Stream logs until ready marker is seen or timeout.

Returns True if the ready marker was found, False on timeout.

Source code in src/terok_sandbox/runtime.py
def stream_initial_logs(
    container_name: str,
    timeout_sec: float | None,
    ready_check: Callable[[str], bool],
) -> bool:
    """Stream logs until ready marker is seen or timeout.

    Returns ``True`` if the ready marker was found, ``False`` on timeout.
    """
    import select
    import sys
    import threading
    import time

    holder: list[bool] = [False]
    stop_event = threading.Event()
    proc_holder: list[subprocess.Popen | None] = [None]

    def _stream_logs() -> None:
        """Follow container logs in a thread, setting *holder[0]* on ready."""
        try:
            proc = subprocess.Popen(
                ["podman", "logs", "-f", container_name],
                stdout=subprocess.PIPE,
                stderr=subprocess.STDOUT,
            )
            proc_holder[0] = proc
            start_time = time.time()
            buf = b""

            while not stop_event.is_set():
                if timeout_sec is not None and time.time() - start_time >= timeout_sec:
                    break
                if proc.poll() is not None:
                    remaining = proc.stdout.read()
                    if remaining:
                        buf += remaining
                    break
                try:
                    ready, _, _ = select.select([proc.stdout], [], [], 0.2)
                    if not ready:
                        continue
                    chunk = proc.stdout.read1(4096) if hasattr(proc.stdout, "read1") else b""
                    if not chunk:
                        continue
                    buf += chunk
                except Exception as exc:
                    log_warning(f"_stream_initial_logs read error: {exc}")
                    break

                while b"\n" in buf:
                    raw_line, buf = buf.split(b"\n", 1)
                    line = raw_line.decode("utf-8", errors="replace").strip()
                    if line:
                        print(line, file=sys.stdout, flush=True)
                        if ready_check(line):
                            holder[0] = True
                            proc.terminate()
                            return

            if buf:
                line = buf.decode("utf-8", errors="replace").strip()
                if line:
                    print(line, file=sys.stdout, flush=True)
                    if ready_check(line):
                        holder[0] = True

            proc.terminate()
        except Exception as exc:
            log_warning(f"_stream_initial_logs error: {exc}")

    stream_thread = threading.Thread(target=_stream_logs)
    stream_thread.start()
    stream_thread.join(timeout_sec)

    if stream_thread.is_alive():
        stop_event.set()
        proc = proc_holder[0]
        if proc is not None:
            proc.terminate()
        stream_thread.join(timeout=5)

    return holder[0]

wait_for_exit(cname, timeout_sec=None)

Wait for a container to exit and return its exit code.

Returns 124 on timeout, 1 if podman is not found.

Source code in src/terok_sandbox/runtime.py
def wait_for_exit(cname: str, timeout_sec: float | None = None) -> int:
    """Wait for a container to exit and return its exit code.

    Returns 124 on timeout, 1 if podman is not found.
    """
    try:
        proc = subprocess.run(
            ["podman", "wait", cname],
            check=False,
            capture_output=True,
            timeout=timeout_sec,
        )
        stdout = proc.stdout.decode().strip() if isinstance(proc.stdout, bytes) else proc.stdout
        if stdout:
            return int(stdout)
        return proc.returncode
    except subprocess.TimeoutExpired:
        return 124
    except (FileNotFoundError, ValueError):
        return 1

reserve_free_port(host='127.0.0.1')

Reserve a TCP port on host and return (socket, port).

The socket stays open — the caller holds the reservation until they close it (typically right before binding the actual service).

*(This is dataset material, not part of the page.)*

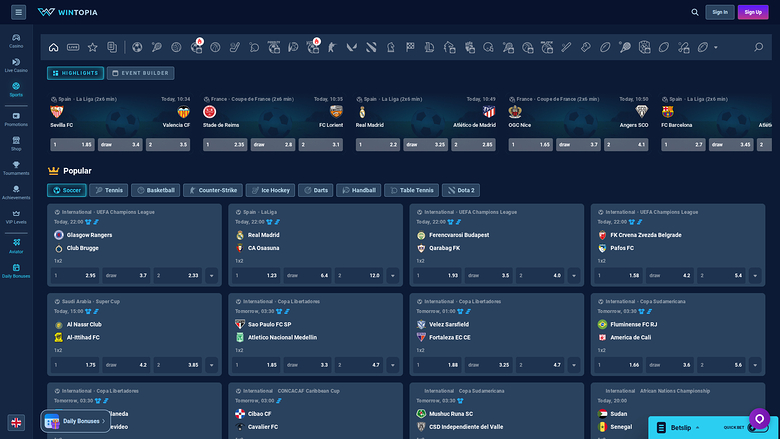 Wintopia Casino Desktop Sports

Useful for Python-native servers that can accept a pre-bound socket.

Source code in src/terok_sandbox/runtime.py
def reserve_free_port(host: str = "127.0.0.1") -> tuple[socket.socket, int]:
    """Reserve a TCP port on *host* and return ``(socket, port)``.

    The socket stays open — the caller holds the reservation until they
    close it (typically right before binding the actual service).  Useful
    for Python-native servers that can accept a pre-bound socket.
    """
    s = socket.socket(socket.AF_INET, socket.SOCK_STREAM)
    try:
        s.bind((host, 0))
        return s, s.getsockname()[1]
    except BaseException:
        s.close()
        raise

find_free_port(host='127.0.0.1')

Find and return a free TCP port on host.

Releases the socket immediately — there is a small race window before the caller binds the port. This is the standard approach when passing a port number to an external process (e.g. podman run -p).

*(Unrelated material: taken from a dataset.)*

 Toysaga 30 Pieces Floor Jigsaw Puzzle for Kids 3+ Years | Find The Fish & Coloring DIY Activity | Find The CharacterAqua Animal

Source code in src/terok_sandbox/runtime.py
def find_free_port(host: str = "127.0.0.1") -> int:
    """Find and return a free TCP port on *host*.

    Releases the socket immediately — there is a small race window before
    the caller binds the port.  This is the standard approach when passing
    a port number to an external process (e.g. ``podman run -p``).
    """
    s, port = reserve_free_port(host)
    s.close()
    return port

bypass_network_args(gate_port)

Return podman network args for running without shield.

Replicates the networking that terok-shield's OCI hook normally provides (allowing the container to reach host.containers.internal for the gate server) but without nftables rules, annotations, or cap-drops.

This is a dangerous fallback for environments where shield can't run. All egress is unfiltered.

Source code in src/terok_sandbox/runtime.py
def bypass_network_args(gate_port: int) -> list[str]:
    """Return podman network args for running without shield.

    Replicates the networking that terok-shield's OCI hook normally provides
    (allowing the container to reach ``host.containers.internal`` for the gate
    server) but without nftables rules, annotations, or cap-drops.

    This is a **dangerous fallback** for environments where shield can't run.
    All egress is unfiltered.
    """
    if os.geteuid() == 0:
        return []
    if _detect_rootless_network_mode() == "slirp4netns":
        return [
            "--network",
            "slirp4netns:allow_host_loopback=true",
            "--add-host",
            f"host.containers.internal:{_SLIRP_GATEWAY}",
        ]
    return [
        "--network",
        f"pasta:--map-host-loopback,{_PASTA_HOST_LOOPBACK_MAP}",
        "--add-host",
        f"host.containers.internal:{_PASTA_HOST_LOOPBACK_MAP}",
    ]